# How do you determine the molarity of 2.25 mole of sulfuric acid, H_2SO_4, dissolved in 725 mL of solution?

Apr 24, 2017

With relative ease...........

#### Explanation:

Now, by definition, $\text{molarity"="moles of solute (mol)"/"volume of solution (L)}$.

Now the wording of your problem gave us that $2.25 \cdot m o l$ sulfuric acid were dissolved in water to give us $725 \cdot m L$ of solution. Had it said that $2.25 \cdot m o l$ sulfuric acid were dissolved in $725 \cdot m L$ of water, we would be uncertain as to the volume of the sulfuric acid solution. Do you appreciate the distinction I make here?

And thus, we simply have to address the quotient:

$\frac{2.25 \cdot m o l}{725 \cdot m L \times {10}^{-} 3 L \cdot m {L}^{-} 1} = 3.10 \cdot m o l \cdot {L}^{-} 1$ WITH RESPECT TO SULFURIC ACID.

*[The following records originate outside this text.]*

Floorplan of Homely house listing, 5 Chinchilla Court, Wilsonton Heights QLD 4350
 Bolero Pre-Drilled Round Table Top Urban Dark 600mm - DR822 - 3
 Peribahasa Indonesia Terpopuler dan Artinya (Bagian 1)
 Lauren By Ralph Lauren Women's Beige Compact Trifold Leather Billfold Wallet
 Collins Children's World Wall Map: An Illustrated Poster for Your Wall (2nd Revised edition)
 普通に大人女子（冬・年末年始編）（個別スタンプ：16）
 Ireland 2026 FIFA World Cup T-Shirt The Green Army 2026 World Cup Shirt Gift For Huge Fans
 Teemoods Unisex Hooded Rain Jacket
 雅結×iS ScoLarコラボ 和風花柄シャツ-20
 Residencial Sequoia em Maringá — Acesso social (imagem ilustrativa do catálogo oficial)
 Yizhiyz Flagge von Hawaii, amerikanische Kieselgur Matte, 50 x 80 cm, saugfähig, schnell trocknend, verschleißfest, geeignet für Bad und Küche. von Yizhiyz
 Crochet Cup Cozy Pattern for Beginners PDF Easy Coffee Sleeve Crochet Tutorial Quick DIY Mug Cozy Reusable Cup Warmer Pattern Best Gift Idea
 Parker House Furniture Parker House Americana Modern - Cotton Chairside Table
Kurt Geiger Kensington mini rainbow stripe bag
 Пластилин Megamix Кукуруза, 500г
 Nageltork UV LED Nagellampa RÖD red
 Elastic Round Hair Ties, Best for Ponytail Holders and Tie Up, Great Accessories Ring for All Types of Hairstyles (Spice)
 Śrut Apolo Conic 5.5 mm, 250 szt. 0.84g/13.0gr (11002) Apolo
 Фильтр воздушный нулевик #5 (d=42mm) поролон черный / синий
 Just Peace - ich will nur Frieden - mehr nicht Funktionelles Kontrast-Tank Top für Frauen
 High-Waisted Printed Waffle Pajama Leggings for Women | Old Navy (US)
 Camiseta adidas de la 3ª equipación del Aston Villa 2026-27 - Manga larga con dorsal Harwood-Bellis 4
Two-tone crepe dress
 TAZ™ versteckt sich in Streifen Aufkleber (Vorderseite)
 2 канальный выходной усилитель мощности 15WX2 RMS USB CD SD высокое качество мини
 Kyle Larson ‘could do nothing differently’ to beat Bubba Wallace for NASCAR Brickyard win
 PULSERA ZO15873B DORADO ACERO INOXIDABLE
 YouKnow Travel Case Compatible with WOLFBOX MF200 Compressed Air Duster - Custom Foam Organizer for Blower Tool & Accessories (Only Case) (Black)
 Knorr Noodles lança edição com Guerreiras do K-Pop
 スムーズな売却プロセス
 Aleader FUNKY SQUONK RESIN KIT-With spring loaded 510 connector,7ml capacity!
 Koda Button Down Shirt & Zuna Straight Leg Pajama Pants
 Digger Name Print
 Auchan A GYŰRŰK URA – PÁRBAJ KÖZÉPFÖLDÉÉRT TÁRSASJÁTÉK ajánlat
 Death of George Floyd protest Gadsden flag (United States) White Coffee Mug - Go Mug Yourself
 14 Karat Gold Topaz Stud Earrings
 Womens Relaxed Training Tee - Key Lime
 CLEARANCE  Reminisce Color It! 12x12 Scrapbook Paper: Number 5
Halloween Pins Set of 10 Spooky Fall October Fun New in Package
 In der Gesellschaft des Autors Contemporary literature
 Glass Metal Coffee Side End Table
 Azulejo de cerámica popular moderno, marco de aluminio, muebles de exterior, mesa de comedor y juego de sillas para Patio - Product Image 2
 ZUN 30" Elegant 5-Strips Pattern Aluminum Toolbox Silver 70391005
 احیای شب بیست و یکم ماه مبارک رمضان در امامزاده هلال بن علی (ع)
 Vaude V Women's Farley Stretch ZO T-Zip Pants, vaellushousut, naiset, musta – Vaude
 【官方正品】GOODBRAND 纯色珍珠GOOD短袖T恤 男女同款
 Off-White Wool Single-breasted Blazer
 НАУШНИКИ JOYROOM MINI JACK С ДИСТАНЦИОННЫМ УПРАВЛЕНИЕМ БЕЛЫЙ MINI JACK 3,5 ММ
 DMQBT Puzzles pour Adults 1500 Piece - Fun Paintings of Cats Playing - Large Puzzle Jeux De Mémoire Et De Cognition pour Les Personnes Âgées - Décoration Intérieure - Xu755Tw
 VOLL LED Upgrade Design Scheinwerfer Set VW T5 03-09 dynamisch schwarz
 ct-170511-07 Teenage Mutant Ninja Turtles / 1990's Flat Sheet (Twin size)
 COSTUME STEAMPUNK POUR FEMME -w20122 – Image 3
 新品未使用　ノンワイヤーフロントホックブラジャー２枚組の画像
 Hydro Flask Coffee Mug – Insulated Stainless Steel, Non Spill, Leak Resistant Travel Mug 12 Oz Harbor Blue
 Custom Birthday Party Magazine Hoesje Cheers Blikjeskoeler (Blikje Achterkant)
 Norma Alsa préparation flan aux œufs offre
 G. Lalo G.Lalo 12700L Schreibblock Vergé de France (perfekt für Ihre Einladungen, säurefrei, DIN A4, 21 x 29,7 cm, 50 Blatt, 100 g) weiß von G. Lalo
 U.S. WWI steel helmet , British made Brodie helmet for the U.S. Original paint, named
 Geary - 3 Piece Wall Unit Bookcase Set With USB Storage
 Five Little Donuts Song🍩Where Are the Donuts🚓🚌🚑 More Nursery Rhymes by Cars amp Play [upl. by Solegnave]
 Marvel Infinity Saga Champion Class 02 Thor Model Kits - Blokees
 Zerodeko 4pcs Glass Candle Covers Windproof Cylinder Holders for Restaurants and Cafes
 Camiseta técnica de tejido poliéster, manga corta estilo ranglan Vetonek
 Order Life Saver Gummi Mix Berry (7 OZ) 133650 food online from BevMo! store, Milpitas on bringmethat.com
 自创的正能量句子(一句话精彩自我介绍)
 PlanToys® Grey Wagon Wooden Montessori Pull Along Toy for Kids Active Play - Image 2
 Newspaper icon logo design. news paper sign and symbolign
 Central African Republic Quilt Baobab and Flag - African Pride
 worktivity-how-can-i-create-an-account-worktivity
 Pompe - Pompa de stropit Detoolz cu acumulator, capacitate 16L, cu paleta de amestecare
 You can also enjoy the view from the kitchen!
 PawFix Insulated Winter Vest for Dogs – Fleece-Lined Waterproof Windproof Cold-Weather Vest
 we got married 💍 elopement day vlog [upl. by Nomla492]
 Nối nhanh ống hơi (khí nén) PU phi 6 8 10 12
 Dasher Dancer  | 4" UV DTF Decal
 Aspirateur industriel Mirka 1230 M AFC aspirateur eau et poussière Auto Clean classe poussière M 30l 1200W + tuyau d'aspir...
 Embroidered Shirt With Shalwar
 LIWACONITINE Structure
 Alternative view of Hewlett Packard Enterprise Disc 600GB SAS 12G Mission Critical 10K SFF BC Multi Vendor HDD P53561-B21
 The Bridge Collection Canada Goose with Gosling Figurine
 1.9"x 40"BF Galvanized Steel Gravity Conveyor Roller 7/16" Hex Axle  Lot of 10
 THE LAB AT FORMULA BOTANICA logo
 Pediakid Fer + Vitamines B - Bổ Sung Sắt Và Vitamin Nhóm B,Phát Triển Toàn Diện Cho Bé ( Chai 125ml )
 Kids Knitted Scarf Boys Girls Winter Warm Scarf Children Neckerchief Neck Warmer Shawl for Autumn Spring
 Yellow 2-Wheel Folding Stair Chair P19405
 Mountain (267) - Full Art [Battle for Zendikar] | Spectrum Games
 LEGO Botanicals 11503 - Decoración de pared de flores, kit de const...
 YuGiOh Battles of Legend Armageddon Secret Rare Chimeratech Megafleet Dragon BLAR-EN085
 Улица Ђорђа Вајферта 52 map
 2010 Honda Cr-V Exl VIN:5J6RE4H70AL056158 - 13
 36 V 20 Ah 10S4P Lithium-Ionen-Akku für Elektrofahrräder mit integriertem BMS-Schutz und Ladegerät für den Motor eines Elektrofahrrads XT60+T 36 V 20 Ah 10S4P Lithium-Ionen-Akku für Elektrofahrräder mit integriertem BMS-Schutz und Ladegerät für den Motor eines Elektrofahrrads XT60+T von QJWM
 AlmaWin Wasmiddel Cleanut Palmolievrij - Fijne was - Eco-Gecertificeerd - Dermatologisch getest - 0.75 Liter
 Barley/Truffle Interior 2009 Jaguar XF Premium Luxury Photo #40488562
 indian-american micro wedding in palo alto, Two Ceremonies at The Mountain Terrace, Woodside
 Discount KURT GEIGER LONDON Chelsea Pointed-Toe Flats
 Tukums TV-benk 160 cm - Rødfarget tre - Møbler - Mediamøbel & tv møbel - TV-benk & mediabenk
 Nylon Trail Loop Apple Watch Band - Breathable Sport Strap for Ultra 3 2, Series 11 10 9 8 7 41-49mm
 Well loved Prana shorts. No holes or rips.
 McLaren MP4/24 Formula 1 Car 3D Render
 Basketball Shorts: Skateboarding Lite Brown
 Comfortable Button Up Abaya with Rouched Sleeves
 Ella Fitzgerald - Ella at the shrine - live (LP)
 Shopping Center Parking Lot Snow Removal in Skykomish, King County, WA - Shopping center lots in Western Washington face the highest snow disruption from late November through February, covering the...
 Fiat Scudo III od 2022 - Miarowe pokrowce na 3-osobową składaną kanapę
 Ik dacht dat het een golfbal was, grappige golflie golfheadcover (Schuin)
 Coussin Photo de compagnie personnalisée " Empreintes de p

Again, I am trying to be cautious in my wording, and chemists often speak of a $\text{formal concentration}$ to indicate that of course in solution, the solute might speciate, and certainly sulfuric acid does, to ${H}_{3} {O}^{+}$, and $H S {O}_{4}^{-}$, and $S {O}_{4}^{2 -}$. As a practical chemist, you would treat this solution as $\left[S {O}_{4}^{2 -}\right] = 3.10 \cdot m o l \cdot {L}^{-} 1$, and $\left[{H}_{3} {O}^{+}\right] = 6.20 \cdot m o l \cdot {L}^{-} 1$. Capisce?